Anniversary party
| Time Limit: 1000MS | Memory Limit: 65536K | |
| Total Submissions: 10417 | Accepted: 5957 |
Description
There is going to be a party to celebrate the 80-th Anniversary of the Ural State University. The University has a hierarchical structure of employees. It means that the supervisor relation forms a tree rooted at the rector V. E. Tretyakov. In order to make the party funny for every one, the rector does not want both an employee and his or her immediate supervisor to be present. The personnel office has evaluated conviviality of each employee, so everyone has some number (rating) attached to him or her. Your task is to make a list of guests with the maximal possible sum of guests' conviviality ratings.
Input
Employees are numbered from 1 to N. A first line of input contains a number N. 1 <= N <= 6 000. Each of the subsequent N lines contains the conviviality rating of the corresponding employee. Conviviality rating is an integer number in a range from -128 to 127. After that go N – 1 lines that describe a supervisor relation tree. Each line of the tree specification has the form:
L K
It means that the K-th employee is an immediate supervisor of the L-th employee. Input is ended with the line
0 0
L K
It means that the K-th employee is an immediate supervisor of the L-th employee. Input is ended with the line
0 0
Output
Output should contain the maximal sum of guests' ratings.
Sample Input
7 1 1 1 1 1 1 1 1 3 2 3 6 4 7 4 4 5 3 5 0 0
Sample Output
5
题意:给你一颗N个节点的树,每个节点都有权值,当选择一个节点时,其直接的父亲节点不能在选择,现在问你能选择的节点最大和是多少。

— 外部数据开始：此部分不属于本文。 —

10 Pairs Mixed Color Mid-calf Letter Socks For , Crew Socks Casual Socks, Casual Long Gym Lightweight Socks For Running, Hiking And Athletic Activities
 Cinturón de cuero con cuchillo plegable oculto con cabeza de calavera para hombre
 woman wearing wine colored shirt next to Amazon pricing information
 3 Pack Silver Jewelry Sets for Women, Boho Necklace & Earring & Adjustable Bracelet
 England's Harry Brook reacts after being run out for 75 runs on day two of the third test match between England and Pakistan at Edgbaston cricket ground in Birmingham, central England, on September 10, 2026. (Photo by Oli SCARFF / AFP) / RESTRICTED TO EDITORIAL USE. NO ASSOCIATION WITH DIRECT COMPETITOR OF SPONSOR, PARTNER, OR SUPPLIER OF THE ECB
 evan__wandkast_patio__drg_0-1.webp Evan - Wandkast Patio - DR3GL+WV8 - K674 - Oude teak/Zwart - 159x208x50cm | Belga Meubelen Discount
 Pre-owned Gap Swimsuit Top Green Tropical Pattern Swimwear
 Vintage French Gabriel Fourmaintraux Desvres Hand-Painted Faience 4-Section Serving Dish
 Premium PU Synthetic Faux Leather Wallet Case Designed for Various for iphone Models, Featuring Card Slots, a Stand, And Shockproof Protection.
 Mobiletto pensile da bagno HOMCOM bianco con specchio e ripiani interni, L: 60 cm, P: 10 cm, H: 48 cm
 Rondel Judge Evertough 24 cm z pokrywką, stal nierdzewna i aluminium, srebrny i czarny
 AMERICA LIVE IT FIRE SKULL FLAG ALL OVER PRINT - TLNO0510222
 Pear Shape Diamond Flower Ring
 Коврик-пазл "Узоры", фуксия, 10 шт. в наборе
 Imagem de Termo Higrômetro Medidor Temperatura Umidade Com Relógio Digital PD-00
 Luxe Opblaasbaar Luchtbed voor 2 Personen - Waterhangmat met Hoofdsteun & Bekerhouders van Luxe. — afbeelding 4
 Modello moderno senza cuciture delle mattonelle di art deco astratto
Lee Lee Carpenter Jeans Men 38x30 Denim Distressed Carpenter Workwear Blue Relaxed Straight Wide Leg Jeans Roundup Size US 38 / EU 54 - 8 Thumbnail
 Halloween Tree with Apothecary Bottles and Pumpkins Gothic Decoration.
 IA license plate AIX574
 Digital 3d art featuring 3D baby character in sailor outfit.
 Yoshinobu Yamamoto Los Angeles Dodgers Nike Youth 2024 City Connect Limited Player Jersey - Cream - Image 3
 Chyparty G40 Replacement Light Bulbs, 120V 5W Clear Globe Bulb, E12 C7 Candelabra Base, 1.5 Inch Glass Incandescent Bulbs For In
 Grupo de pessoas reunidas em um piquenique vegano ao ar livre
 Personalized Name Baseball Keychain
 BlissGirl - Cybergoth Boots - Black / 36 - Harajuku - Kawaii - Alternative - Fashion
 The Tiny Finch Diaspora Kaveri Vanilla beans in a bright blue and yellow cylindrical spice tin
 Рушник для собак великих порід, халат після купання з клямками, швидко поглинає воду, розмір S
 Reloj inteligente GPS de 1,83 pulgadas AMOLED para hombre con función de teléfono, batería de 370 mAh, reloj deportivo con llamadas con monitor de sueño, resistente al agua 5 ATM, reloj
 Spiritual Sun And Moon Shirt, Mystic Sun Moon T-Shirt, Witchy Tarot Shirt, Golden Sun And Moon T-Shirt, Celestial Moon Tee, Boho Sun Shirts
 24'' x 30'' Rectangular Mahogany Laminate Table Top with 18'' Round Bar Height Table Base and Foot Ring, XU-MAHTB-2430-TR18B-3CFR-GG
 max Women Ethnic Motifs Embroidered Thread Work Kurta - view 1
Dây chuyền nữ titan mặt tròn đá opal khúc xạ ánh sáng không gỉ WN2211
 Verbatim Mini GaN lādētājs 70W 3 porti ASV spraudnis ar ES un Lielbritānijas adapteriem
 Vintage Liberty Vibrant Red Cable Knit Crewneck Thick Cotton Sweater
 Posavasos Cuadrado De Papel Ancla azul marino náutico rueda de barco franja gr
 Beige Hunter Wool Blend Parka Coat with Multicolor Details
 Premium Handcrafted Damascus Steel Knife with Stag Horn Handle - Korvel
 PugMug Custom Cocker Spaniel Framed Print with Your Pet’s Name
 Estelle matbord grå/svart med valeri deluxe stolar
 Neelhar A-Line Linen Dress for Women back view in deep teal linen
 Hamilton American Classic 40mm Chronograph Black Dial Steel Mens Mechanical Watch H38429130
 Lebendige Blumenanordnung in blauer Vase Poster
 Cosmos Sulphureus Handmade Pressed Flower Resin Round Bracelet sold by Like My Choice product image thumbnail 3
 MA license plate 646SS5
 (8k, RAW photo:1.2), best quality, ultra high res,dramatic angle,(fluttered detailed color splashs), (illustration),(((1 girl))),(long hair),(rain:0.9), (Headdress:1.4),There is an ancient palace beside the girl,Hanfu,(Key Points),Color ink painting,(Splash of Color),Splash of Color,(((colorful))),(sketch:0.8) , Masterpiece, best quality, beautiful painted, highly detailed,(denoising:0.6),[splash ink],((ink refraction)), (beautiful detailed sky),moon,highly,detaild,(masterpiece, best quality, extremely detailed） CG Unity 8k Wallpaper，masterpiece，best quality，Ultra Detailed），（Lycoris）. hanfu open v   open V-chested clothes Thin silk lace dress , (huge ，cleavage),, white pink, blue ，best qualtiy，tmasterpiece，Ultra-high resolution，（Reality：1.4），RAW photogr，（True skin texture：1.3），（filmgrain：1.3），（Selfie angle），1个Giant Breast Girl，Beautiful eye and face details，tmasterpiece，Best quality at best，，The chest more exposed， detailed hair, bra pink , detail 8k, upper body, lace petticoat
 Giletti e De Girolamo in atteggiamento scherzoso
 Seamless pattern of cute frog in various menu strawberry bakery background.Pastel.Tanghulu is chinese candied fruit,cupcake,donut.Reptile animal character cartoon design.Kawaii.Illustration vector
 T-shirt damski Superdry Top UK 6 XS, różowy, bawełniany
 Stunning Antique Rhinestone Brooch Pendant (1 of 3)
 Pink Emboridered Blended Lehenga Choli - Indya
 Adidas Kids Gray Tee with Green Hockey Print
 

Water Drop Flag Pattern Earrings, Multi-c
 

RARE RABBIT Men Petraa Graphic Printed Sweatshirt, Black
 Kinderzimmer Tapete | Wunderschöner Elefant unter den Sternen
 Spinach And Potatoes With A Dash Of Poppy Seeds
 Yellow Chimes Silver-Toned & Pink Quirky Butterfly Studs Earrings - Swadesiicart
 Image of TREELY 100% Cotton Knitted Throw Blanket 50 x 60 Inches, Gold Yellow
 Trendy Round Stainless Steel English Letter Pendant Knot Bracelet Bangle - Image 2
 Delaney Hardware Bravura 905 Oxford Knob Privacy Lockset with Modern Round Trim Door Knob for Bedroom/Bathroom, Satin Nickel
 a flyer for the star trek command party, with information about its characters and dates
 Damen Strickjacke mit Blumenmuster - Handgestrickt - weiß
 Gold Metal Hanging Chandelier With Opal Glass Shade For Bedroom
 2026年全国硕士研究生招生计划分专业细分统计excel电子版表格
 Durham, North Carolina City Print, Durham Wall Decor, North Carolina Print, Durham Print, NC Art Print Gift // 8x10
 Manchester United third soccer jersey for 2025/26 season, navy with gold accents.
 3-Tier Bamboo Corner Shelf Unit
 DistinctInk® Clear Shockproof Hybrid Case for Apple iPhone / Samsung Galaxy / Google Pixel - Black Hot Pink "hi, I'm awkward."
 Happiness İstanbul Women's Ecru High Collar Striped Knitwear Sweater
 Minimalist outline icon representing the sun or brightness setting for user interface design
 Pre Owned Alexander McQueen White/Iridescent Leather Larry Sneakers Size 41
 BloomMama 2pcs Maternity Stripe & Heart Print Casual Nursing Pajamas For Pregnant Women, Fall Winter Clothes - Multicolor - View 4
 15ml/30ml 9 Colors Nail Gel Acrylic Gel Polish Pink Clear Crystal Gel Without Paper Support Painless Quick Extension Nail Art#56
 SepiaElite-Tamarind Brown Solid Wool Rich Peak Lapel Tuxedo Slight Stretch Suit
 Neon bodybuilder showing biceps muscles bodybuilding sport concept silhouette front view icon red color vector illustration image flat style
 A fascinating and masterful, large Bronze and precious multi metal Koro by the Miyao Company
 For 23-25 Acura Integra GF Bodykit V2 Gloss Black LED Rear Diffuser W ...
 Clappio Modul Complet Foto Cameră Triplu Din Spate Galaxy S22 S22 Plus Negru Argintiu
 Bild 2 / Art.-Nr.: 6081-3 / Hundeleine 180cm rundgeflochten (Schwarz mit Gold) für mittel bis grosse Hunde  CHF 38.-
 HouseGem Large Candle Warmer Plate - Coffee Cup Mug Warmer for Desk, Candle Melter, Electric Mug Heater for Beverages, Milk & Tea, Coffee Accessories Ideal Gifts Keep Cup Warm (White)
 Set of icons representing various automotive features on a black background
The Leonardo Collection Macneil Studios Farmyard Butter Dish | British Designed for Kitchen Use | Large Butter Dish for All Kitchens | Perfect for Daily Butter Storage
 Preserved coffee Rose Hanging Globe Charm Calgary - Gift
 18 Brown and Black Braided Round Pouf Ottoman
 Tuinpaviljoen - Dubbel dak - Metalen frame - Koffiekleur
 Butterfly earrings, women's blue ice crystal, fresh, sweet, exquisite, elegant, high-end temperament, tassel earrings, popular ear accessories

思路:树形dp入门题,我们定义dp[i][0]为第i个节点不选时的最优解,dp[i][1]为选择时的最优解。
根据题目限制,可以很容易得到状态方程:设i为父节点,j为子节点
dp[i][0]+=max(dp[j][0],dp[j][1])
dp[i][1]+=dp[j][0];
我们可以用vector保存树,同时开一个数组保存父亲节点,便于我们找到这棵树的根root,然后从根开始dfs这颗树即可更新出最优解。最后dp[root][0]与dp[root][1]取最大输出即可。
#include<iostream>
#include<cstdio>
#include<cstdlib>
#include<cstring>
#include<algorithm>
#include<cmath>
#include<string>
#include<map>
#include<vector>
#include<queue>
#include<stack>
#include<set>
#include<sstream>
#define ll long long
#define lson l,mid,root<<1
#define rson mid+1,r,root<<1|1
using namespace std;
vector<ll>v[6060];
ll n,dp[6060][10],f[6060],root;
void dfs(ll root)
{
for(ll i=0;i<v[root].size();i++)
{
ll nex=v[root][i];
dfs(nex); //走到叶子节点为止
}
for(ll i=0;i<v[root].size();i++)
{
ll nex=v[root][i];
dp[root][0]+=max(dp[nex][0],dp[nex][1]); //回溯时开始更新当前父亲节点的最优解
dp[root][1]+=dp[nex][0];
}
return ;
}
int main()
{
ll x,y;
while(~scanf("%lld",&n))
{
if(n==0)
memset(dp,0,sizeof(dp));
for(ll i=1;i<=n;i++)scanf("%lld",&dp[i][1]);
for(ll i=0;i<=n;i++)v[i].clear();
for(ll i=1;i<=n;i++)f[i]=i;
while(1)
{
scanf("%lld%lld",&x,&y);
v[y].push_back(x); //用vector存树
f[x]=y; //保存i的父亲节点
if(x==0&&y==0)break;
}
root=1;
while(f[root]!=root)root=f[root]; //找到这颗树的根节点
dfs(root);
ll ans=max(dp[root][0],dp[root][1]);
printf("%lld\n",ans);
}
return 0;
}